Topic: From Asymptotic Proofs to Network-Adversary Attacks against Secure Encryption Schemes
July 23, 2009
Dr Virgil Gligor
The asymptotic approach to proving security properties of encryption schemes assigns no vulnerability significance to the use of non-tight reductions. However, we introduce the notion of a "network adversary" and show that, while it is indistinguishable from an ordinary adversary in the asymptotic approach, it achieves decidedly non-negligible advantage in attacking provable security properties in practice; e.g., the "existential key recovery" and "multi-key hiding" properties of IND$-CPA secure symmetric-key schemes whenever these schemes are implemented with standard block ciphers. The network adversary amplifies its advantage quadratically by increasing the amount of commercially-available computational resources used only linearly, while the unit cost of the dominant resource (storage) continues to drop by 37–50% per year.
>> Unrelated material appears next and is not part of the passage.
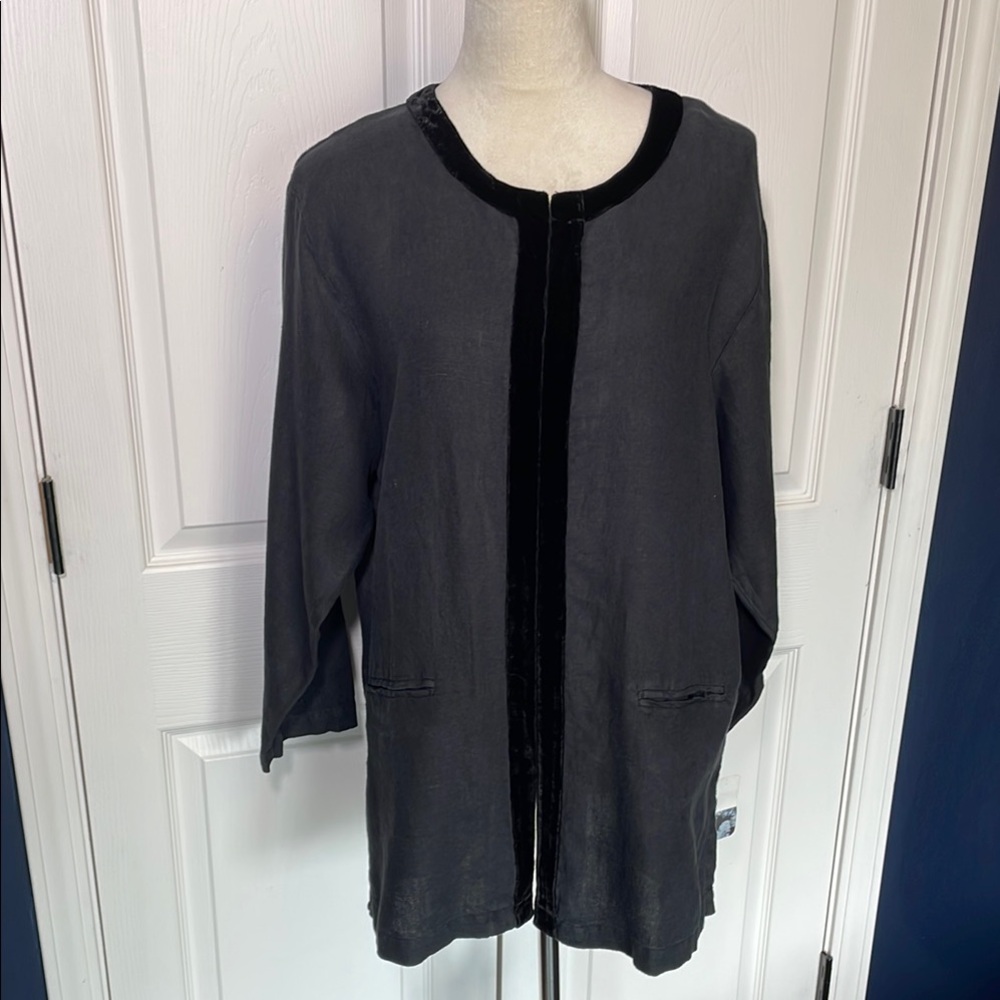 NWT Kiko 100% Linen Long Sleeve Tunic Shirt in Charcoalβ with Black Velvet Trim
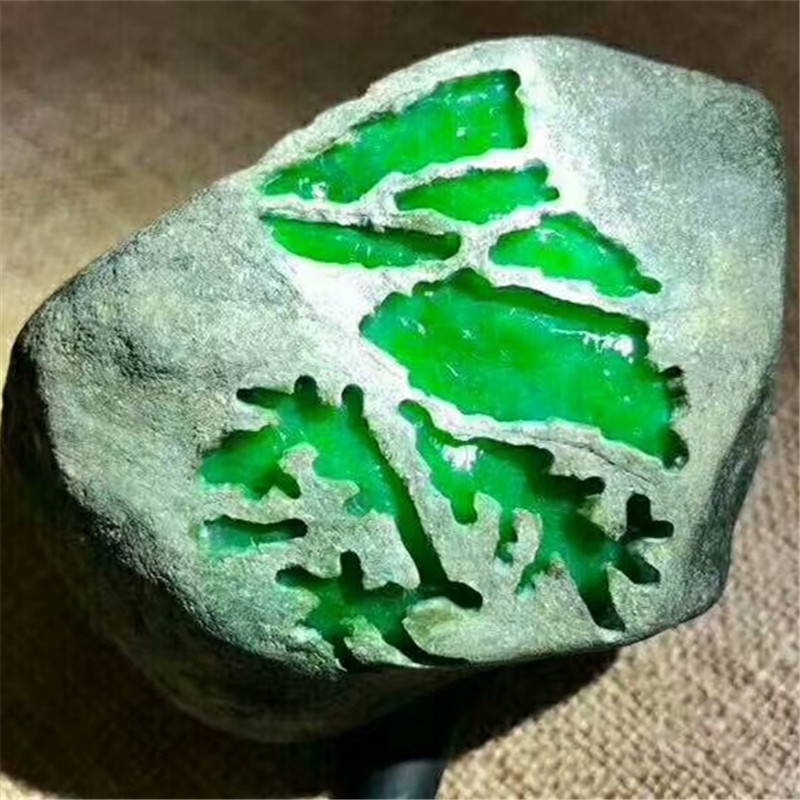 不懂翡翠知识最好不要轻易玩原石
We also show that symmetric encryption schemes whose security properties are obtained by non-tight reduction proofs cannot be implemented with certain standard block-cipher sizes (i.e., two-key 3DES) and retain those properties in network applications that use shared group keys. Finally, we show that "existential key recovery" and "(universal) key recovery" security properties are not equivalent. In practice this means that, while all standard encryption schemes (modes) are secure against "key recovery" attacks, some fail to provide the "existential key recovery" and "multi-key hiding" properties. We identify schemes that satisfy these properties, and suggest that similar analyses be conducted for other primitives (e.g., MACs and authenticated encryption schemes) whose properties are obtained by non-tight reductions.